Image by Marga Santoso

Economics

Distributed Operating System for the Web

Until now, Qbix has been the central point of this growing economy. Companies pay Qbix to develop apps. Qbix closes the sale, assigns managers, hires developers, and pays them out. All this is done using traditional payment systems, using credit cards and wire transfers. By being in the center, Qbix is able to control the sales and development process. The efficiencies brought by the Qbix Platform allow Qbix to have a faster turnaround time, charge less than the competition, and still enjoy sizable margins, which allow the company to recoup its investment in the Platform.

However, Qbix Platform is open source, just like Wordpress. What if, rather than trying to extract rents forever, we could gradually decentralize the entire process through releasing software, documentation and growing public awareness? The end goal is to enable a massive, decentralized ecosystem of developers working on apps and plugins, companies paying them to install and host their software, and non-techie communities being able to grab widgets and build rich social websites on their domain at the click of a button. The communities deliver massive value to their members, and anyone can make money by becoming a developer or starting to host Qbix apps on their servers.
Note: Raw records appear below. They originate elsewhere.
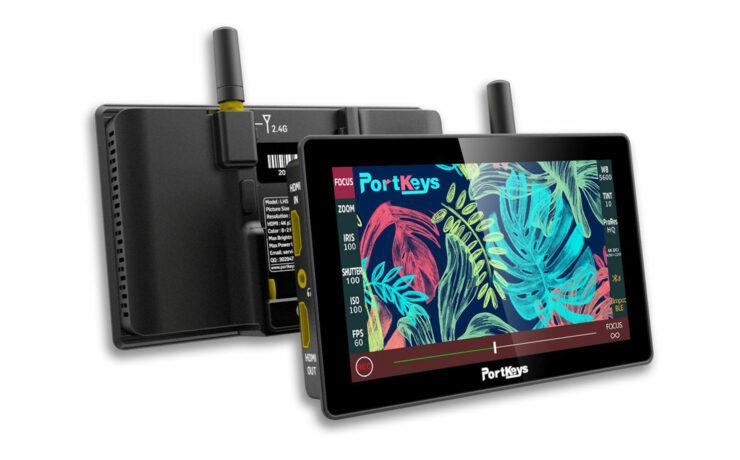 PortKeys LH5P On-Camera Monitor Announced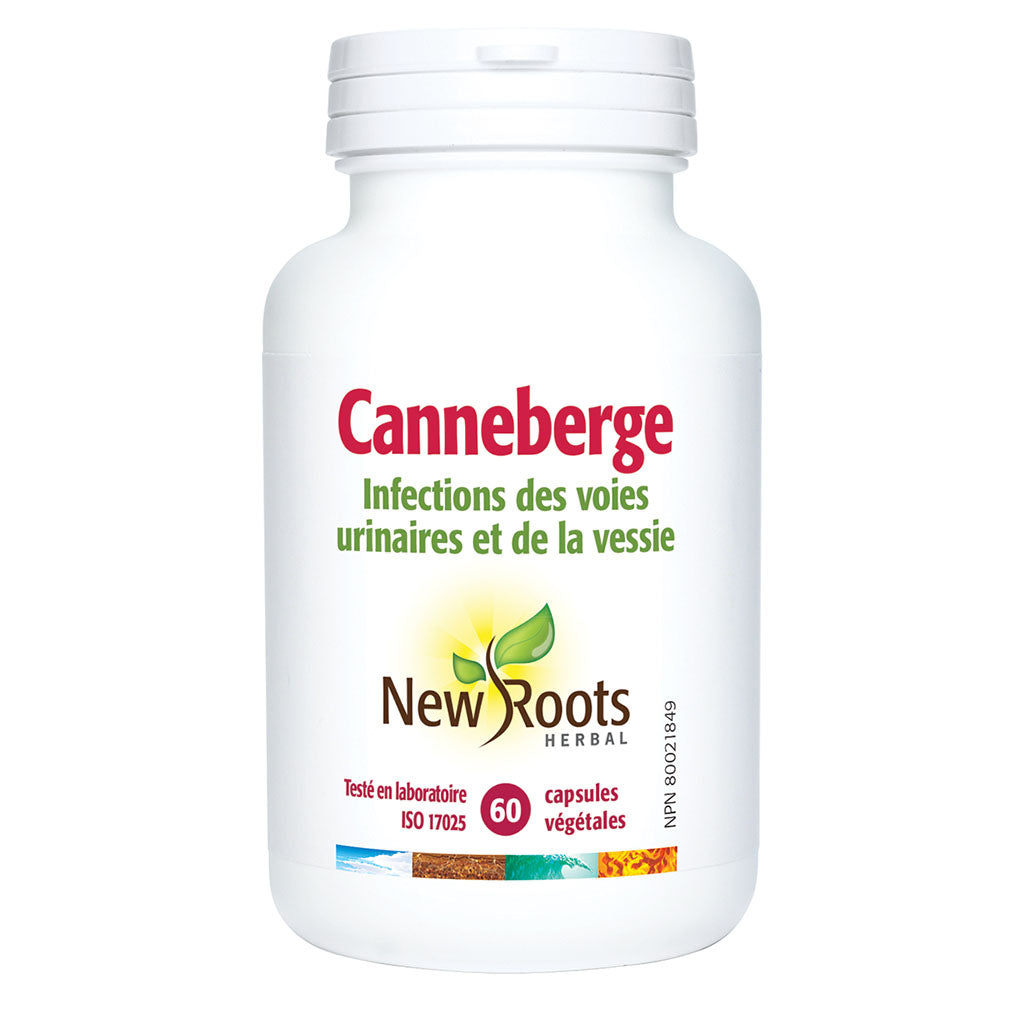 canneberge New Roots Herbal - La Boite à Grains
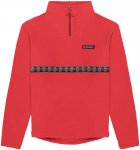 Berghaus Oversized Aztec QZ Fleece Women red/red/M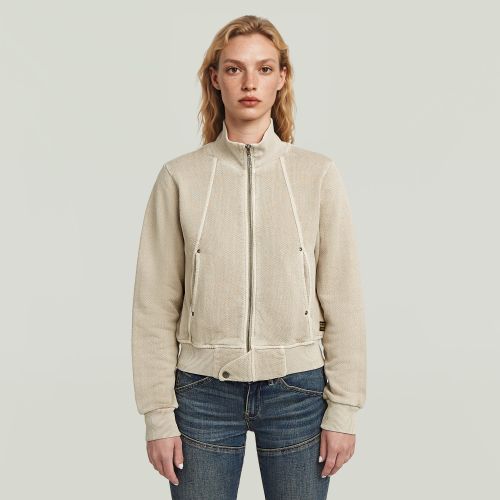 Chaqueta sudadera Track Overdyed Slim - Mujer - G-Star RAW - Modalova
In fact, this is what happened with ecosystems like Wordpress, Drupal, and Joomla. Wordpress powers 30% of all websites in the world, there are tons of conferences, books, experts, training, certifications, and so on. Automattic, the company behind Wordpress, doesn't get a royalty from each blog and each plugin, but it was valued at more than $1 Billion USD.

Current Ecosystem

Currently, Qbix Inc. is the central node of our ecosystem. Companies and organizations come and pay Qbix to build apps for their community. Then, they pay Qbix to manage hosting and maintenance for the apps. Of course, having a full unrestricted license to their app software, the Community can hire anyone else to take over development and/or hosting, but for now, most of the expertise and knowledge about the Qbix platform resides with people employed by Qbix. 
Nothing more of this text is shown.